Talvez a assistente social. A psicóloga. Aquelas que acolhem, escutam. A fisioterapeuta, que ajuda a recomeçar os passos possíveis.
Mas quem pensa em “amor presente no olhar” da merendeira de uma escola? Que alimenta crianças, adolescentes, professores. Muitas vezes, ela está do lado de lá da parede. Ou, nos serve no prato, aquela fileira de gente, cabisbaixa, atenta pra não cair nada pra fora.

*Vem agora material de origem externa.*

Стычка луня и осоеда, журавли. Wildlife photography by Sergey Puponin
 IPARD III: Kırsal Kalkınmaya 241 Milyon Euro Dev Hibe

Muitas vezes, quando há uma troca de olhar de “que delícia essa sua comida, obrigada”, há amor nesse olhar. Pode ser gratidão? Pode. Mas há amor. Reconhecimento do outro.
E fiquei pensando, também, nas estátuas vivas. Ou nos músicos de violino. Eles eram tão presentes nas ruas do Centro do Rio que nunca mais os vi. As estátuas vivas ficam ali, em cima de uma caixote, imóveis. Por horas. Fantasiadas, pintadas, cobrindo um corpo que não se move. Mas que sente. São seres humanas. Estátuas, porém vivas.
E é na troca de olhares com os passantes, transeuntes, outros-seres-humanos que a vida acontece. Que a vida se move. Que, num olhar sorridente de uma para outra (já vi muitas estátuas sorrirem com os olhares) é que acontece o amor.
E, os músicos de violino (falei do violino porque é o instrumento que me emociona)? Eles tocam. Em silêncio. Olhos fechados ou abertos. Balançam a cabeça afirmativamente e afetivamente quando alguém pára para ouvi-los. Enchem os nossos dias silenciosos de som que emociona.
Penso, também, que é neste reconhecimento de olhar-amor que acontece a vida. Perceber, no outro, a possibilidade da troca de afeto, do amor, aquece o coração de qualquer um. Aquece o meu.
Porque o amor não precisa de um dia, um ano, dez anos, quarenta anos pra existir. Se acontecer? Maravilhoso. Mas o amor pode durar os dez segundos possíveis parados ouvindo o músico. Ou vendo a ser-humana-estátua-viva.
É na troca de olhar, ainda que fugaz, que acontece a possibilidade do amor.
Que a gente possa olhar com amor por quem nos passa. Que a gente possa receber o amor por quem passa por nós. Que a gente possa se permitir esta troca. 10 segundos de amor pode ser muito tempo para uma vida inteira.